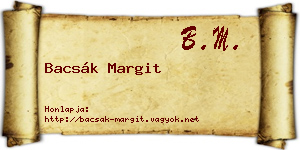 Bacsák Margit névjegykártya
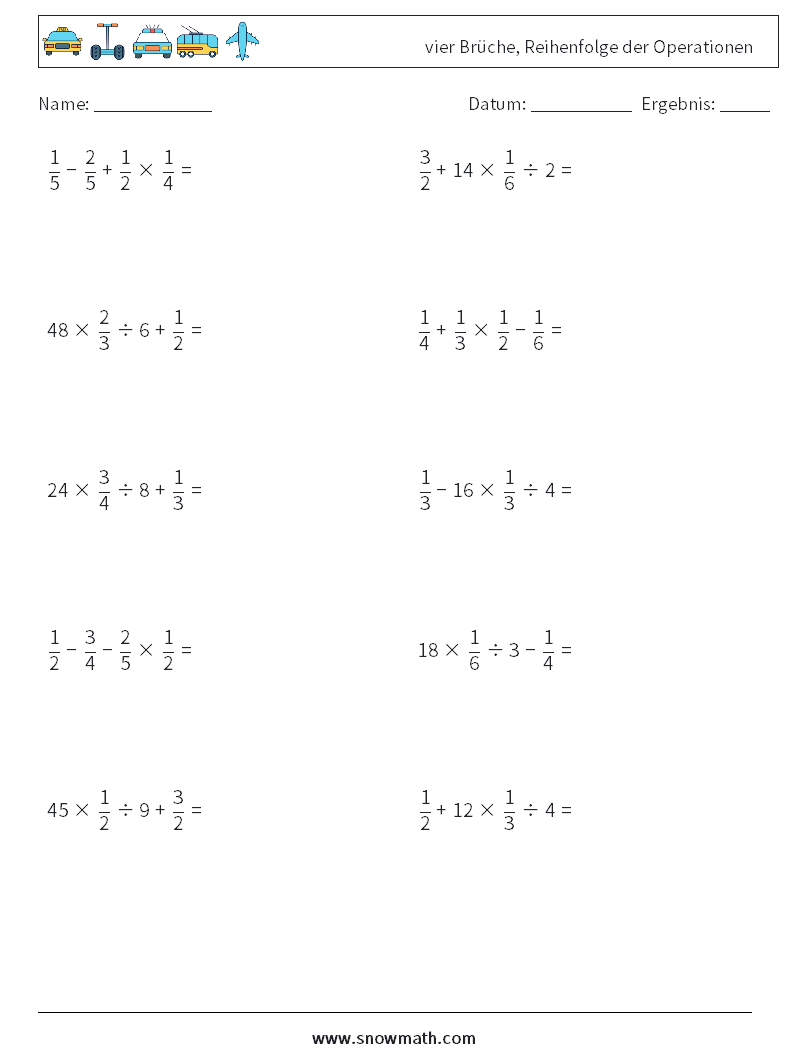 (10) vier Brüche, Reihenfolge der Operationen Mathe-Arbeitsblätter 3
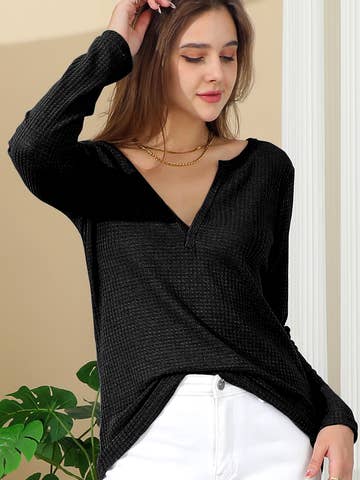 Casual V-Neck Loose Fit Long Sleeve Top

## Task directions
Return the listing above in full and unaltered. Keep the pictures out.

## Exercise answer
 Bacsák Margit névjegykártya
 (10) vier Brüche, Reihenfolge der Operationen Mathe-Arbeitsblätter 3
 Casual V-Neck Loose Fit Long Sleeve Top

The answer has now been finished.